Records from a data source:

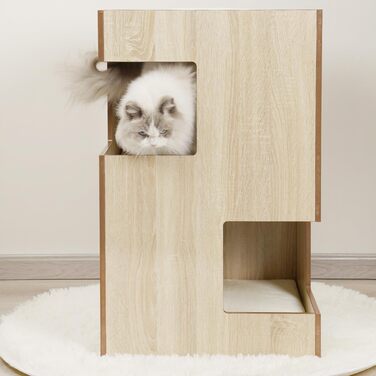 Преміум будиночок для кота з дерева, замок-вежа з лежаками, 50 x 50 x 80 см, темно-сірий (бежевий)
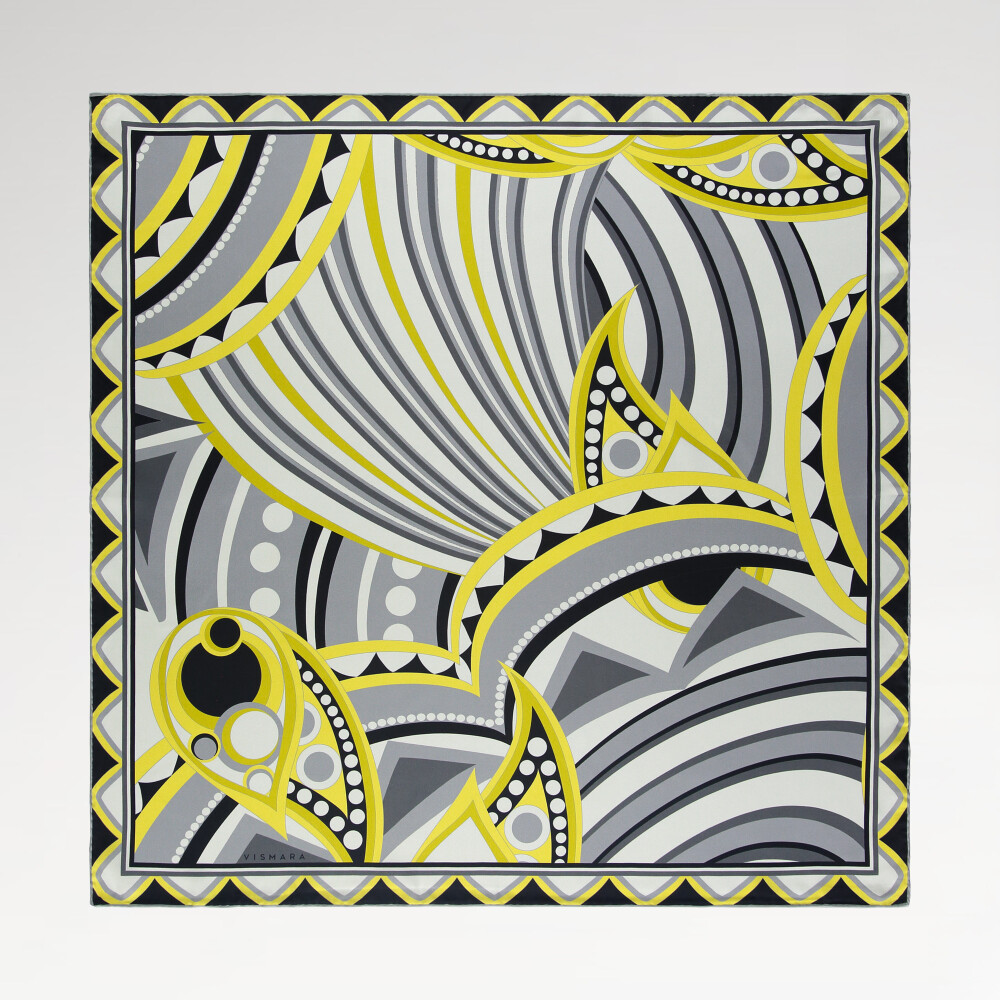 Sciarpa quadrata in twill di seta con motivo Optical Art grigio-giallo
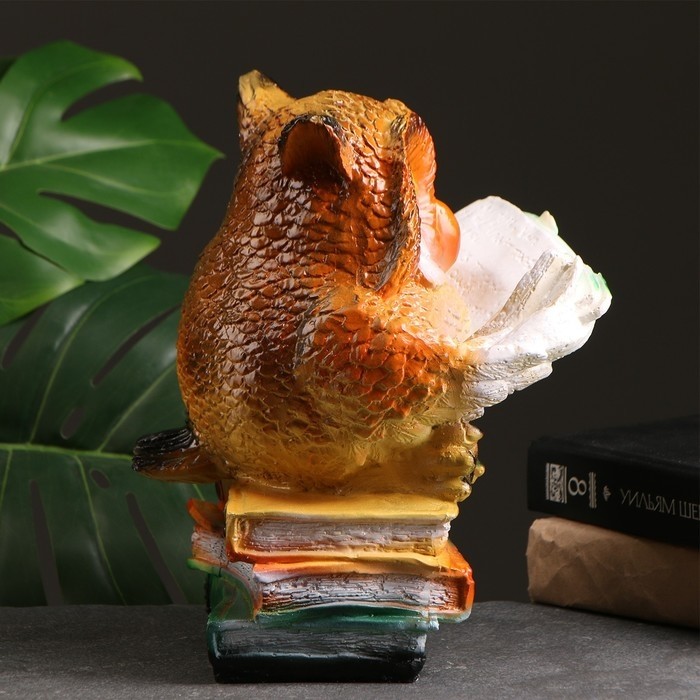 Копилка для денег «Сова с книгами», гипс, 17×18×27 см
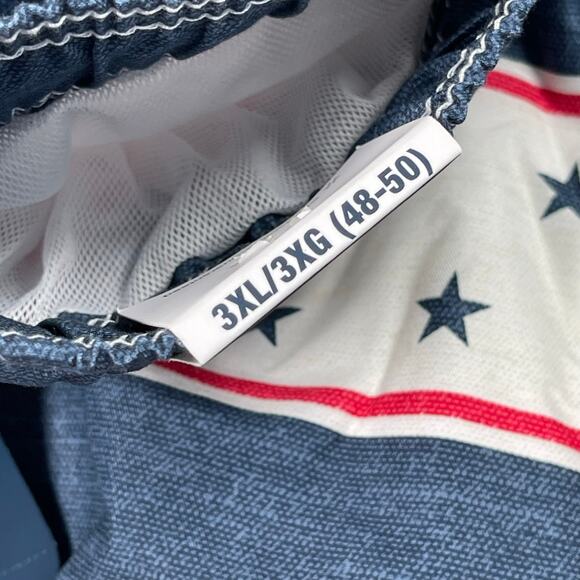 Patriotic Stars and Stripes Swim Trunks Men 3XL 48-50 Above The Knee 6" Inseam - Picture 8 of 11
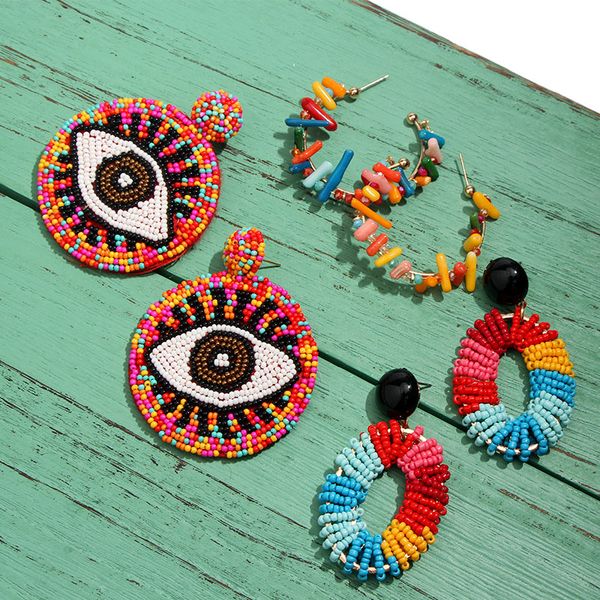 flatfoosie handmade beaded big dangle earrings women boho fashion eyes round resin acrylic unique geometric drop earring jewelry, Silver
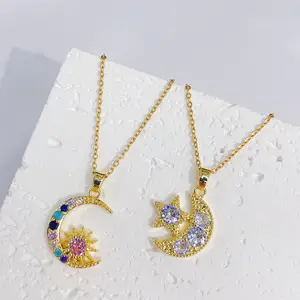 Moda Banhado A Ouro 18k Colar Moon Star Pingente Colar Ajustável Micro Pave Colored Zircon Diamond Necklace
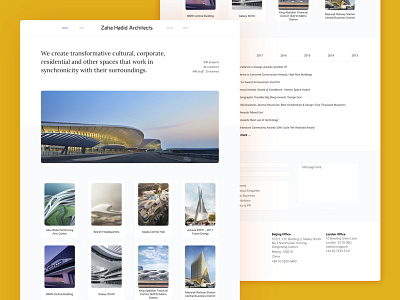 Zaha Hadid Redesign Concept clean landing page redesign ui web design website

Directions for this task:
Could you repeat, exactly and with nothing else, the lines from the first line of the records through the line containing "Patriotic Stars and"? Leave out the pictures.

Task solution:
 Преміум будиночок для кота з дерева, замок-вежа з лежаками, 50 x 50 x 80 см, темно-сірий (бежевий)
 Sciarpa quadrata in twill di seta con motivo Optical Art grigio-giallo
 Копилка для денег «Сова с книгами», гипс, 17×18×27 см
 Patriotic Stars and Stripes Swim Trunks Men 3XL 48-50 Above The Knee 6" Inseam - Picture 8 of 11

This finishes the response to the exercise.